Often throughout the day, Maggie caught Mrs. Attlebury’s beady eye upon her, which she did her best not to notice.
She stood to attention, she kept the counter free of dust, she fawned.
By six o’clock, when the store had finally closed, the customers had left, and it was time to tidy up before going home, she was exhausted in a way she couldn’t remember being before.
It wasn’t hard work, she decided, and yet it was still so very tiring, almost as much as sewing piecework or scrubbing floors had been back in New York, albeit in a different way.
Outside, the summer air was still and hot, the cable car stifling even with the breeze.

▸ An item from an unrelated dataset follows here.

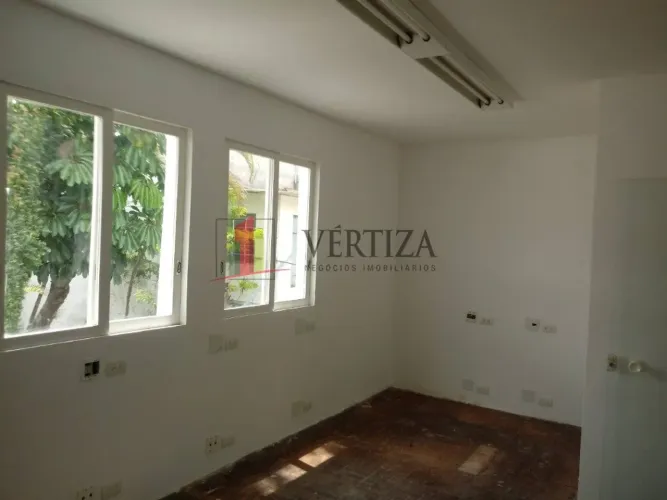 Casa comercial para locação com 250m² na Vila Olímpia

As she rode back to Englewood, Maggie wondered how Brendan had fared today, knee-deep in blood and guts, his hands turning red and chapped from the pickling solution.
She hated to think of him lowering himself in such a way, as well as being in any danger.
After all he’d done for both her and Danny, it didn’t feel fair that he felt he had to do this, too.
As Maggie stepped into the boarding house, she saw everyone was already at the dining-room table, tucking into cold ham, salad, and fresh bread rolls, and her stomach grumbled.
She had not had time for coffee and a roll this morning, and lunch had been no more than a sandwich bought in the street and hastily gobbled down.
“Ah, she returns,” Mrs. O’Malley remarked with more than a touch of asperity.
“I’ll just go wash and join you,” Maggie murmured before heading upstairs to the quiet relief of the bedroom.
She was just washing her hands at the basin when the door opened, and she turned around, a blaze of shocked awareness firing through her when Brendan came through the door, a towel slung about his shoulders and wearing nothing but his trousers.